Las Meditaciones metafísicas parten del reconocimiento de las tradiciones recibidas y de la necesidad de criticarlas para llegar a la verdad. Tratan de encontrar el fundamento del saber a fuerza de eliminar cualquier contingencia tomando como modelo la matemática. Así pues, dice Descartes,

había admitido como verdaderas muchas opiniones falsas, y que lo edificado después sobre cimientos tan poco sólidos tenía que ser por fuerza muy dudoso e incierto; de suerte que me era preciso emprender seriamente, una vez en la vida, de deshacerme de todas las opiniones a las que hasta entonces había dado crédito y empezar todo de nuevo desde los fundamentos, si quería establecer algo firme y constante en las ciencias… me bastará para rechazarlas todas (las opiniones) con encontrar en cada una el más pequeño motivo de duda… me dirigiré en principio contra los fundamentos mismos en que se apoyan mis opiniones antiguas (Meditaciones metafísicas, primera meditación)

La gnoseología cartesiana es una gnoseología de certezas absolutas.

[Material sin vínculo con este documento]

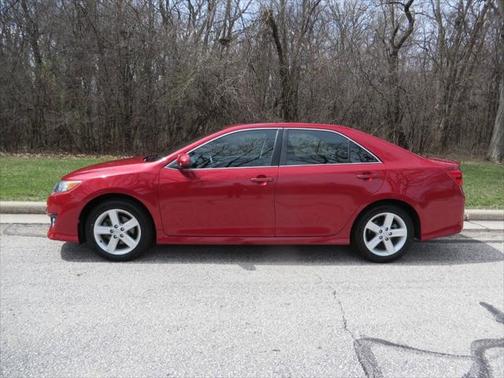 2014 Toyota Camry SE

Una certeza es absoluta cuando sobre ella no influye duda alguna, por ello, la duda tiene como principal misión obtener certezas evidentes. La diversidad de opiniones y costumbres racionales nos enseña que no hay un sistema absoluto de pensamiento; por ello, para buscar y fundamentar una filosofía primera, hemos de comenzar con la duda.

Ahora bien, la duda es un acto de la voluntad, por el que retiramos todos los juicios de existencia que habíamos emitido espontáneamente sobre las cosas. Ese acto no altera las ideas por las que nos representamos esas cosas; han cambiado las creencias, pero no las nociones; la duda sirve para acostumbrarnos, no a no sentir, ni percibir, ni unir ideas, sino a no creer que los objetos de esas sensaciones, de esas percepciones, de esas uniones, existen.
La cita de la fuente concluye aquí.